- Exercise brief: The answer should consist of all the entries, repeated word for word.

- Data shown:
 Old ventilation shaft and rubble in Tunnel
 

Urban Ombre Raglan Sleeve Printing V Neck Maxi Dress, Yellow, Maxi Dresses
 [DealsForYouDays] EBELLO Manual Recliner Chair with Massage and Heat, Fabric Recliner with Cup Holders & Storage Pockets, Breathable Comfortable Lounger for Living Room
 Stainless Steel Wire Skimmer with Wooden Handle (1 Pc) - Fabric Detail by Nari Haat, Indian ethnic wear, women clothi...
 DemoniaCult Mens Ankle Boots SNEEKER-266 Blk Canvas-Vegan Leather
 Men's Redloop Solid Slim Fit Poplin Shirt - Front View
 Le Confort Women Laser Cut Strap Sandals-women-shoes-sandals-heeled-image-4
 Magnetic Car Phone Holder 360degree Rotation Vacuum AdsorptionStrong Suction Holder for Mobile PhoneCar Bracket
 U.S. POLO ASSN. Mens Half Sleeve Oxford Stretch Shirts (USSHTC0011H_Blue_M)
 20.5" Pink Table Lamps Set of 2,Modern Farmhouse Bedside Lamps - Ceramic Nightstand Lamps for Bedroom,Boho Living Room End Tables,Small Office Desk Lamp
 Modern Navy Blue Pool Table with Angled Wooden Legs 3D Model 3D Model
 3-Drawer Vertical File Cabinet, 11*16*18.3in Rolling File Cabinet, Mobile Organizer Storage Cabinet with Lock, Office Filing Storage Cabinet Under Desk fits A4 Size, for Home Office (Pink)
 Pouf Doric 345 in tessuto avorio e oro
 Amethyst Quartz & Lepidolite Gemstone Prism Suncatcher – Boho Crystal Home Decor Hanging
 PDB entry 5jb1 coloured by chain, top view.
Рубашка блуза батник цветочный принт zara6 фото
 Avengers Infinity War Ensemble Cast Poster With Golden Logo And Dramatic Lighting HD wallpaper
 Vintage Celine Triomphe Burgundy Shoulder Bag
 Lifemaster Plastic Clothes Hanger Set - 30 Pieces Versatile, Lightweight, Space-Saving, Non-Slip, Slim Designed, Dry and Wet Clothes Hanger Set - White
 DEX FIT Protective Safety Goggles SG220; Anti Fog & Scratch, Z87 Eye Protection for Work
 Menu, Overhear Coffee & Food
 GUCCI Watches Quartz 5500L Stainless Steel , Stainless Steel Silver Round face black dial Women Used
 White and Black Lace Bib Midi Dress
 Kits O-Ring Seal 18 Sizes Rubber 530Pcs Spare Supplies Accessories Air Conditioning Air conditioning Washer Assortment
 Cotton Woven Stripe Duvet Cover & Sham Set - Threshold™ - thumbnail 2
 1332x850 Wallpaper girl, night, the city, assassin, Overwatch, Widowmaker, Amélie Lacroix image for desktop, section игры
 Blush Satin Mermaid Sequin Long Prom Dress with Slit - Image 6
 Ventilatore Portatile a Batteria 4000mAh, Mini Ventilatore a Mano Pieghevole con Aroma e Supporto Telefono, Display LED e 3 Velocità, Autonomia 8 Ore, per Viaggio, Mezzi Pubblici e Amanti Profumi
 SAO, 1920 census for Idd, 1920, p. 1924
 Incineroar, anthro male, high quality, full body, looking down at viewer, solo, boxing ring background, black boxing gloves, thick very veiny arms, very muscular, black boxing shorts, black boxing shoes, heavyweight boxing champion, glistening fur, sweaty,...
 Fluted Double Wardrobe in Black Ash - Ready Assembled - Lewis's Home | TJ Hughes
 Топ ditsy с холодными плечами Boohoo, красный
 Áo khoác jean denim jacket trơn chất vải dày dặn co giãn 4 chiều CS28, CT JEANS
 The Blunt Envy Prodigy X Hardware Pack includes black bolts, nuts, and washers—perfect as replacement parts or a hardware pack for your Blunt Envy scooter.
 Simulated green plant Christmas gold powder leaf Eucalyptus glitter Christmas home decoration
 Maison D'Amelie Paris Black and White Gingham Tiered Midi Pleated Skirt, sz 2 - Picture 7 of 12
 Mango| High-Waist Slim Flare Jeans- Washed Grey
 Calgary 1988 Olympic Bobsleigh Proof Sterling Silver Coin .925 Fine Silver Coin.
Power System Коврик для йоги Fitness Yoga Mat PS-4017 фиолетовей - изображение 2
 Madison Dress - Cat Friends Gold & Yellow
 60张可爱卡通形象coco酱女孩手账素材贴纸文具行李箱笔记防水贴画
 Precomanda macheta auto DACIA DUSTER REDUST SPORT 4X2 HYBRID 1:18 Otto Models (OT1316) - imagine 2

- Solution for this task:
 Old ventilation shaft and rubble in Tunnel
 

Urban Ombre Raglan Sleeve Printing V Neck Maxi Dress, Yellow, Maxi Dresses
 [DealsForYouDays] EBELLO Manual Recliner Chair with Massage and Heat, Fabric Recliner with Cup Holders & Storage Pockets, Breathable Comfortable Lounger for Living Room
 Stainless Steel Wire Skimmer with Wooden Handle (1 Pc) - Fabric Detail by Nari Haat, Indian ethnic wear, women clothi...
 DemoniaCult Mens Ankle Boots SNEEKER-266 Blk Canvas-Vegan Leather
 Men's Redloop Solid Slim Fit Poplin Shirt - Front View
 Le Confort Women Laser Cut Strap Sandals-women-shoes-sandals-heeled-image-4
 Magnetic Car Phone Holder 360degree Rotation Vacuum AdsorptionStrong Suction Holder for Mobile PhoneCar Bracket
 U.S. POLO ASSN. Mens Half Sleeve Oxford Stretch Shirts (USSHTC0011H_Blue_M)
 20.5" Pink Table Lamps Set of 2,Modern Farmhouse Bedside Lamps - Ceramic Nightstand Lamps for Bedroom,Boho Living Room End Tables,Small Office Desk Lamp
 Modern Navy Blue Pool Table with Angled Wooden Legs 3D Model 3D Model
 3-Drawer Vertical File Cabinet, 11*16*18.3in Rolling File Cabinet, Mobile Organizer Storage Cabinet with Lock, Office Filing Storage Cabinet Under Desk fits A4 Size, for Home Office (Pink)
 Pouf Doric 345 in tessuto avorio e oro
 Amethyst Quartz & Lepidolite Gemstone Prism Suncatcher – Boho Crystal Home Decor Hanging
 PDB entry 5jb1 coloured by chain, top view.
Рубашка блуза батник цветочный принт zara6 фото
 Avengers Infinity War Ensemble Cast Poster With Golden Logo And Dramatic Lighting HD wallpaper
 Vintage Celine Triomphe Burgundy Shoulder Bag
 Lifemaster Plastic Clothes Hanger Set - 30 Pieces Versatile, Lightweight, Space-Saving, Non-Slip, Slim Designed, Dry and Wet Clothes Hanger Set - White
 DEX FIT Protective Safety Goggles SG220; Anti Fog & Scratch, Z87 Eye Protection for Work
 Menu, Overhear Coffee & Food
 GUCCI Watches Quartz 5500L Stainless Steel , Stainless Steel Silver Round face black dial Women Used
 White and Black Lace Bib Midi Dress
 Kits O-Ring Seal 18 Sizes Rubber 530Pcs Spare Supplies Accessories Air Conditioning Air conditioning Washer Assortment
 Cotton Woven Stripe Duvet Cover & Sham Set - Threshold™ - thumbnail 2
 1332x850 Wallpaper girl, night, the city, assassin, Overwatch, Widowmaker, Amélie Lacroix image for desktop, section игры
 Blush Satin Mermaid Sequin Long Prom Dress with Slit - Image 6
 Ventilatore Portatile a Batteria 4000mAh, Mini Ventilatore a Mano Pieghevole con Aroma e Supporto Telefono, Display LED e 3 Velocità, Autonomia 8 Ore, per Viaggio, Mezzi Pubblici e Amanti Profumi
 SAO, 1920 census for Idd, 1920, p. 1924
 Incineroar, anthro male, high quality, full body, looking down at viewer, solo, boxing ring background, black boxing gloves, thick very veiny arms, very muscular, black boxing shorts, black boxing shoes, heavyweight boxing champion, glistening fur, sweaty,...
 Fluted Double Wardrobe in Black Ash - Ready Assembled - Lewis's Home | TJ Hughes
 Топ ditsy с холодными плечами Boohoo, красный
 Áo khoác jean denim jacket trơn chất vải dày dặn co giãn 4 chiều CS28, CT JEANS
 The Blunt Envy Prodigy X Hardware Pack includes black bolts, nuts, and washers—perfect as replacement parts or a hardware pack for your Blunt Envy scooter.
 Simulated green plant Christmas gold powder leaf Eucalyptus glitter Christmas home decoration
 Maison D'Amelie Paris Black and White Gingham Tiered Midi Pleated Skirt, sz 2 - Picture 7 of 12
 Mango| High-Waist Slim Flare Jeans- Washed Grey
 Calgary 1988 Olympic Bobsleigh Proof Sterling Silver Coin .925 Fine Silver Coin.
Power System Коврик для йоги Fitness Yoga Mat PS-4017 фиолетовей - изображение 2
 Madison Dress - Cat Friends Gold & Yellow
 60张可爱卡通形象coco酱女孩手账素材贴纸文具行李箱笔记防水贴画
 Precomanda macheta auto DACIA DUSTER REDUST SPORT 4X2 HYBRID 1:18 Otto Models (OT1316) - imagine 2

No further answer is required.